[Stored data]
* * * * * * *

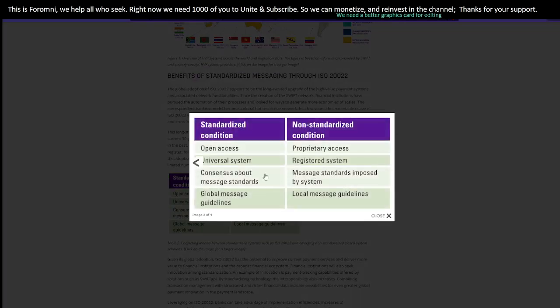Here are the benefits of ISO 20022 versus the non-standardized Swift approach. The ISO 20022 standard offers open access, a universal system, consensus about message standards, and global message guidelines — it's clear and straightforward. Global real-time gross settlement payments will know how to communicate with the receiver and sender of value. Whereas Swift is proprietary access — you need to be registered to use the system. XRPL is ISO 20022 compliant and decentralized.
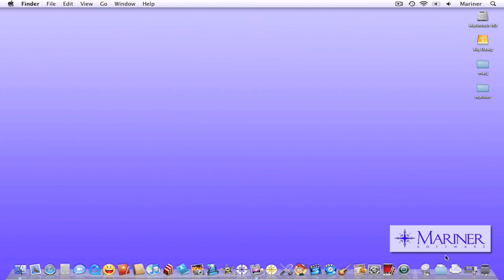Hello and welcome to our final tutorial for Mac Journal, the journaling software by Mariner Software.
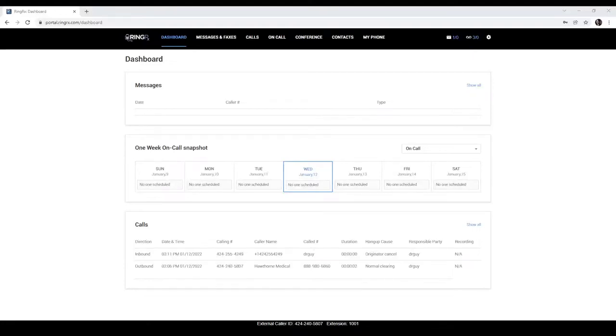Hello everyone, RingRx here and today we will be reviewing the soft phone. For those that don't know, a soft phone is something that allows you to make and receive calls through a service via your computer. Today we will walk you through how to access the soft phone as well as how to use it.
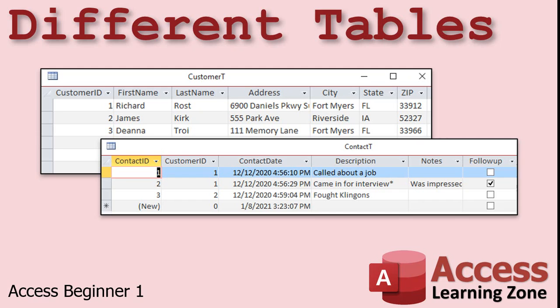An order table, for example, holds information on each order that's placed, where one record would represent one order. A contact history table, for example, like the one shown here, could store information about each time you talk to your customer. Every phone call, email, etc. will be stored as a separate record.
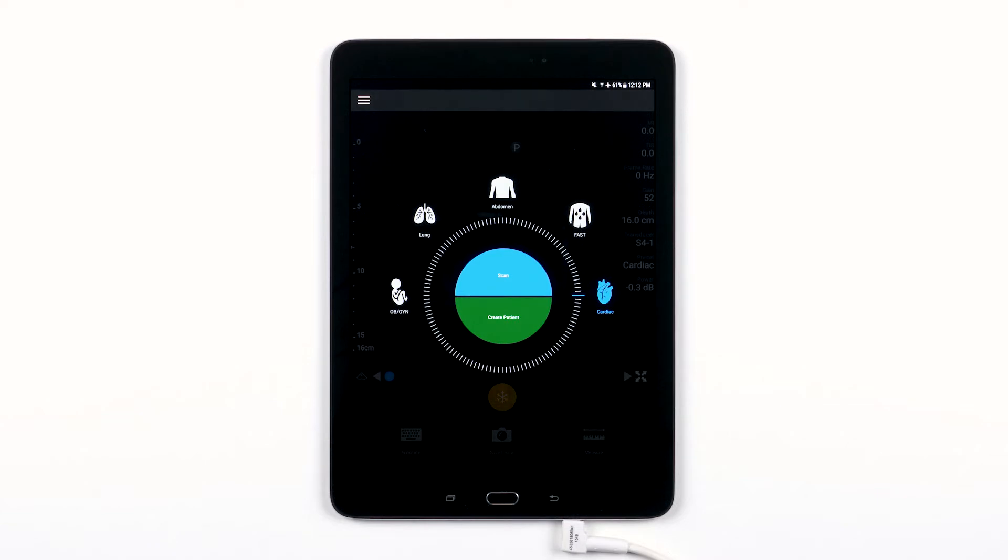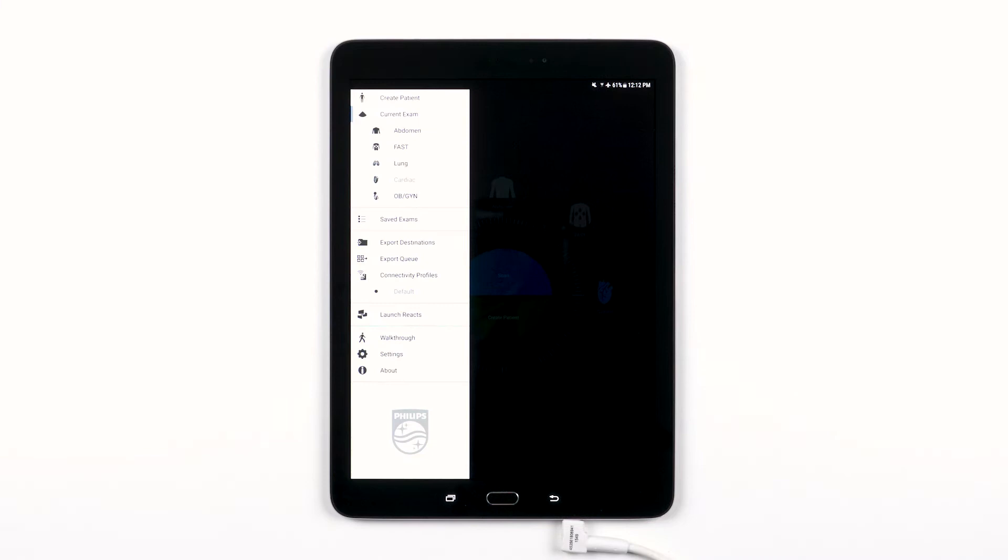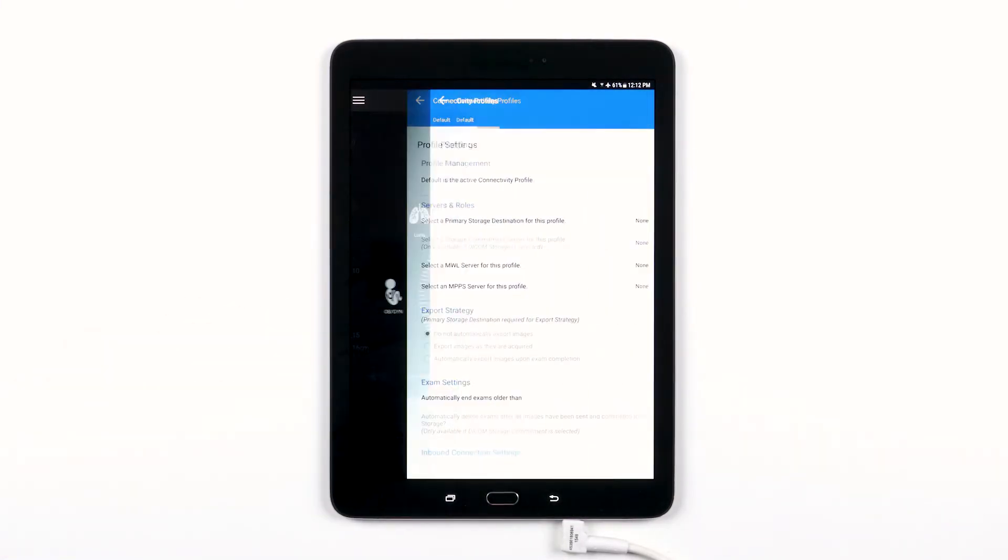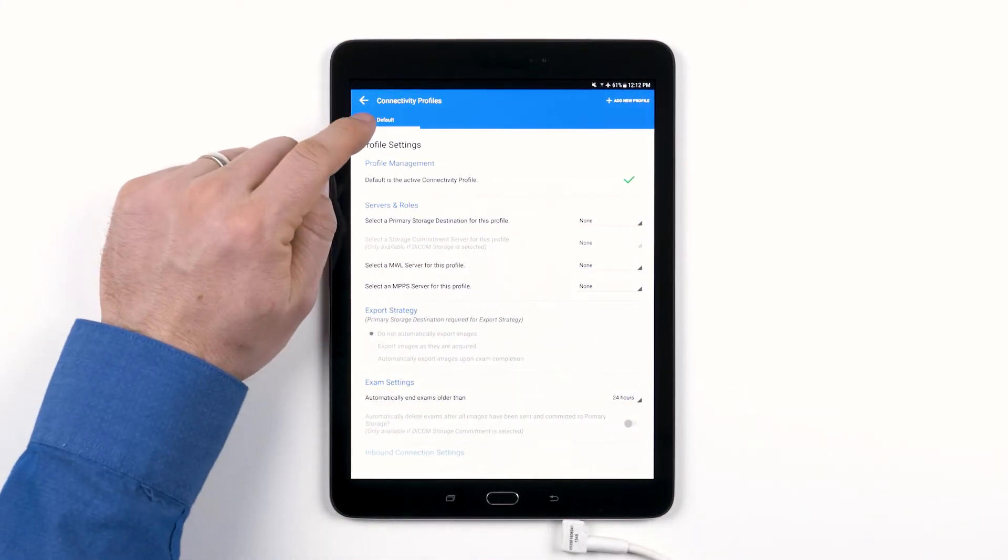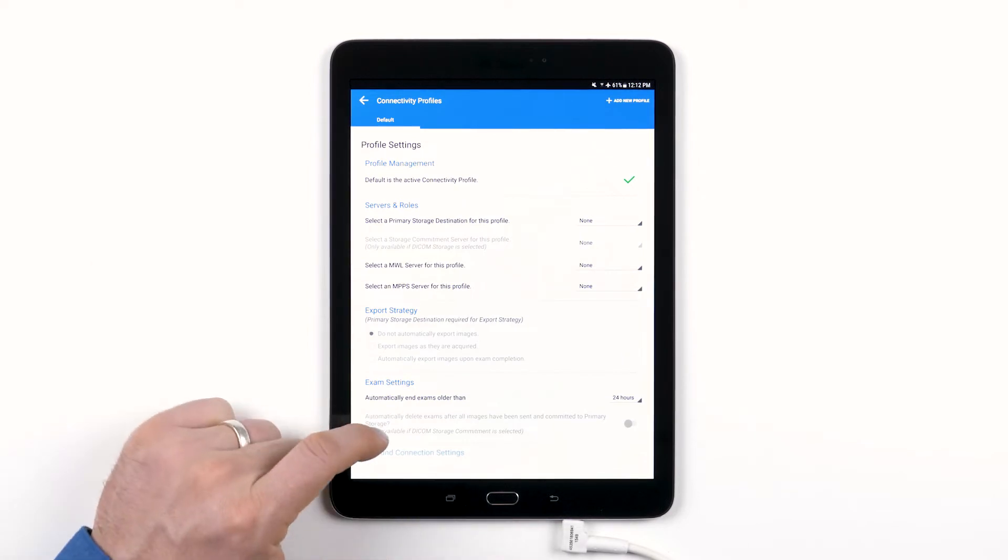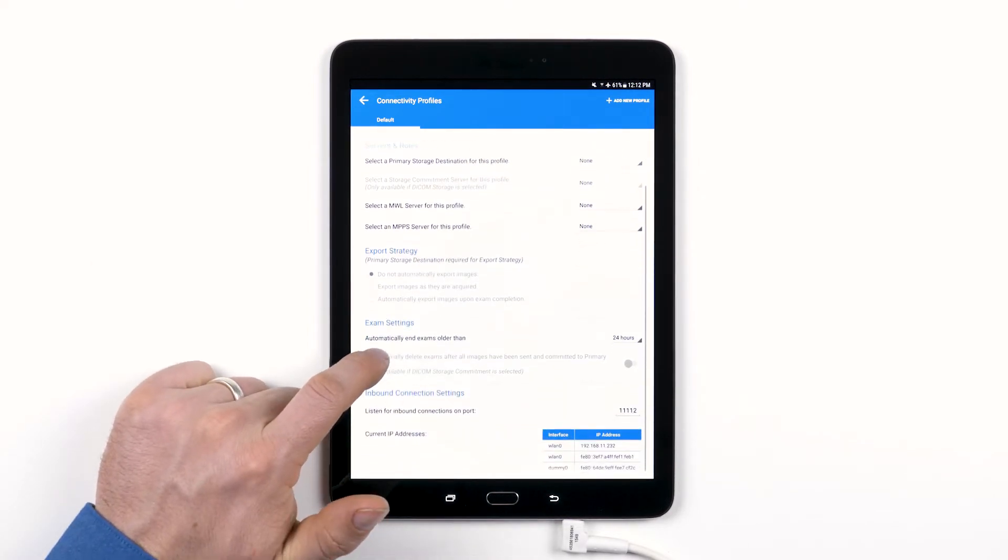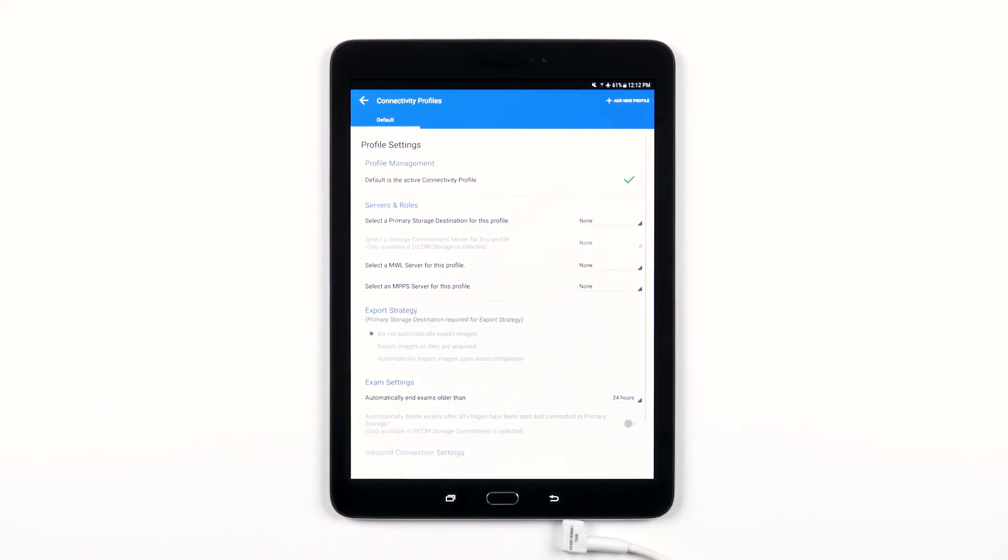To access your connectivity profiles, open your Lumify menu and tap Connectivity Profiles. Initially, what you'll see is the default connectivity profile that comes pre-populated in your Lumify app. You can add a new profile or adjust the settings within the default connectivity profile.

* * * * * * *

**The task**: Give back exactly the lines from the top of the records to the line containing "Hello everyone, RingRx", both included, and no pictures.

**Result of the task**:
Here are the benefits of ISO 20022 versus the non-standardized Swift approach. The ISO 20022 standard offers open access, a universal system, consensus about message standards, and global message guidelines — it's clear and straightforward. Global real-time gross settlement payments will know how to communicate with the receiver and sender of value. Whereas Swift is proprietary access — you need to be registered to use the system. XRPL is ISO 20022 compliant and decentralized.
Hello and welcome to our final tutorial for Mac Journal, the journaling software by Mariner Software.
Hello everyone, RingRx here and today we will be reviewing the soft phone. For those that don't know, a soft phone is something that allows you to make and receive calls through a service via your computer. Today we will walk you through how to access the soft phone as well as how to use it.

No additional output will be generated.